Plants that take ten years to build don’t seem like a very good response to a boom that measures dataceneter build time in months and will probably collapse in a year or two as hype is replaced by the reality of the technology. Battery backed solar and wind on the other hand are both cheaper, and can be built faster than the ‘AI’ datacenters they are ment to power.

Don’t get me wrong, I think nuclear power is important to the energy transition, and will find its use in certain use cases like large scale marine transport or places near the artic circle, but the window to build it was 1970 to 2010. At a point when the biggest thing slowing down green energy if finding financing for it, it makes sense to go with the lowest cost option available, which is battery backed solar.

[–] DarkThoughts@fedia.io 2 points 2 weeks ago

10 years is unrealistic, today it's closer to 15 years.
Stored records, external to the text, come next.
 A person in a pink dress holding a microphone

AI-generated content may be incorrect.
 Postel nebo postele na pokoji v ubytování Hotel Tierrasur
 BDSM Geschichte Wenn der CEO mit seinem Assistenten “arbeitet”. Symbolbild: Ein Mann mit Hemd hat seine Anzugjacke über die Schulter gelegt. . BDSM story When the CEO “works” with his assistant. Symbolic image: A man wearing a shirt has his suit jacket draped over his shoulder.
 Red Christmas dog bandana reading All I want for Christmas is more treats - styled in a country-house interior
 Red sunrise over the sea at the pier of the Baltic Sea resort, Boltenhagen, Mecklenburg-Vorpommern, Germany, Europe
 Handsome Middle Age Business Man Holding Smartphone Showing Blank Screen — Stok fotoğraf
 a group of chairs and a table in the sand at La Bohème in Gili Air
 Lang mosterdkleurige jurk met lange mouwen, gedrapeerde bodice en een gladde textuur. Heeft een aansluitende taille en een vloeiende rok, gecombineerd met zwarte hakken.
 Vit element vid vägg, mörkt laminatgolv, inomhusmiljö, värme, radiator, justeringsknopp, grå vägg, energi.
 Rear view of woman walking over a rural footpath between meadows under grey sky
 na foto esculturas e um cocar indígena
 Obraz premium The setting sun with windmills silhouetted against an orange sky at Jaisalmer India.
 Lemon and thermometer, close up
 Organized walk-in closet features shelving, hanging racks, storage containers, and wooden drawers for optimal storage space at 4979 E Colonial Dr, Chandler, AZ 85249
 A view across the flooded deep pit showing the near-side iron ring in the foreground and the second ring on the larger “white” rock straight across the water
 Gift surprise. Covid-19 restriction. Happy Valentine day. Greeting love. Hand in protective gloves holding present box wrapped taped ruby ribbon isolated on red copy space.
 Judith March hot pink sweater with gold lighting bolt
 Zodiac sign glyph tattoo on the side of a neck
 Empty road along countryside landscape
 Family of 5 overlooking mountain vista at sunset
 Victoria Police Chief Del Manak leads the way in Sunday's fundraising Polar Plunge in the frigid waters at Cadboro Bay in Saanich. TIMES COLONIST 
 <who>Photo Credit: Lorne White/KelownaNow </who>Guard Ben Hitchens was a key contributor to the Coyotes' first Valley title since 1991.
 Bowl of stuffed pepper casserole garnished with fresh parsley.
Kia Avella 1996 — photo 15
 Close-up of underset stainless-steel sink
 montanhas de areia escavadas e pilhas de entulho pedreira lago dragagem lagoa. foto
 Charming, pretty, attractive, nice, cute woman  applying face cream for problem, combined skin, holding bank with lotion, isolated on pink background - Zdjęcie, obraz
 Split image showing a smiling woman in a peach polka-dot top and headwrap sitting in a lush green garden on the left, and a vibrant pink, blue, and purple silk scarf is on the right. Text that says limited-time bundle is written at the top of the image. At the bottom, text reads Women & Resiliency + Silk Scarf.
Both time frames would be too late. Doesn't matter either way though since the US elections. The world is not going to be able to compensate for the US emissions under Trump's fascism when we were already on our way to 3 degrees globally BEFORE that.

[–] Rooskie91@discuss.online 1 points 2 weeks ago* (last edited 2 weeks ago)

Plants take 10 year to build because of a purposely complicated burocratic process. We churn out at least 1 nuclear submarines a year.

Edit: I still think you're right, renewables and batteries are cheaper than nuclear in most first world countries, but the building process doesn't have to be that long.